转义字符详解（java和python）_小言_互联网的博客

转义字符详解（java和python）

2019-09-16 20:19 554人阅读评论(0)

转义字符'\'的作用是，和其后面的一个或多个字符一起，表示一个特殊字符，如"\n"这两个字符来表示一个换行符。

java

System.out.println("\n".length());  // 1

Java语言有以下转义字符：

Escape Sequence	Description
`\t`	Insert a tab in the text at this point.
`\b`	Insert a backspace in the text at this point.
`\n`	Insert a newline in the text at this point.
`\r`	Insert a carriage return in the text at this point.
`\f`	Insert a formfeed in the text at this point.
`\'`	Insert a single quote character in the text at this point.
`\"`	Insert a double quote character in the text at this point.
`\\`	Insert a backslash character in the text at this point.

其他语言里也有类似的转义字符。

另外java中还有一类转义字符，和前面列的转义字符不同，这些转义字符是预编译的（在编译之前已经被替换为正常字符了）。

这样的转义字符有两类：

\u{0000-FFFF}  /* Unicode [Basic Multilingual Plane only, see below] hex value 
                  does not handle unicode values higher than 0xFFFF (65535),
                  the high surrogate has to be separate: \uD852\uDF62
                  Four hex characters only (no variable width) */
                  
\{0-377}       /* \u0000 to \u00ff: from octal value 
                  1 to 3 octal digits (variable width) */

其中

\u和其后面的4个字符（有效的16进制数字[0-9a-fA-F]）表示一个16进制的unicode值；
\和其后面的1-3个字符（范围为{0-377}的8进制有效数字）表示一个8进制的unicode值。

我们看几个例子：

public static void main(String[] args) throws Exception {
  System.out.println("\u0031"); // 1
  System.out.println("\u4E2D"); // 中
  System.out.println("\100");   // @
  System.out.println("\376");   // þ
  System.out.println("\0771");  // ?1
  System.out.println("\779");   // ?9
  System.out.println("\12A");   // 相当于打印"\nA"
}

输出结果：

1
中
@
þ
?1
?9

A

python

python中的转义字符表：

Escape Sequence	Meaning
`\newline`	Backslash and newline ignored
`\\`	Backslash (`\`)
`\'`	Single quote (`'`)
`\"`	Double quote (`"`)
`\a`	ASCII Bell (`BEL`)
`\b`	ASCII Backspace (`BS`)
`\f`	ASCII Formfeed (`FF`)
`\n`	ASCII Linefeed (`LF`)
`\r`	ASCII Carriage Return (`CR`)
`\t`	ASCII Horizontal Tab (`TAB`)
`\v`	ASCII Vertical Tab (`VT`)
`\ooo`	Character with octal value ooo
`\xhh`	Character with hex value hh

以下转义字符只能在表示（unicode）字符串的时候起作用：

Escape Sequence	Description
`\N{name}`	Character named name in the Unicode database
`\uxxxx`	Character with 16-bit hex value xxxx.

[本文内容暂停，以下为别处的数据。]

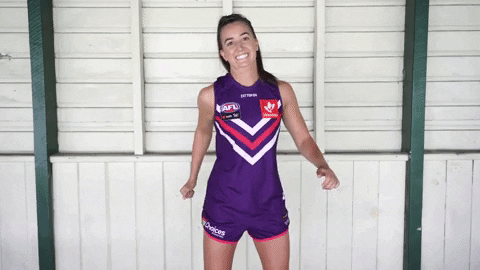 Fist Pump GIF by Fremantle Dockers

Exactly four hexadecimal digits are required.
`\Uxxxxxxxx`	Character with 32-bit hex value xxxxxxxx. Exactly eight hexadecimal digits are required.

注意：在unicode字符串里\ooo和\xhh都表示一个unicode值，也就是说：u'\x10\10'和u'\u0010\u0008'等效，若想表示U+1008（HTML代码ဈ字符：ဈ），用u'\u1008'。

python和java不同的地方在于：

python中多了几种转义，如：

\x{00-FF}  # \x和其后面的2个字符（有效的16进制数字[0-9a-fA-F]）表示一个16进制的值。

python中\ooo这中8进制转义形式，能表示的范围为{0-777}。
对于超过0xFFFF的unicode值（辅助平面），python和Java表示方法也有不同。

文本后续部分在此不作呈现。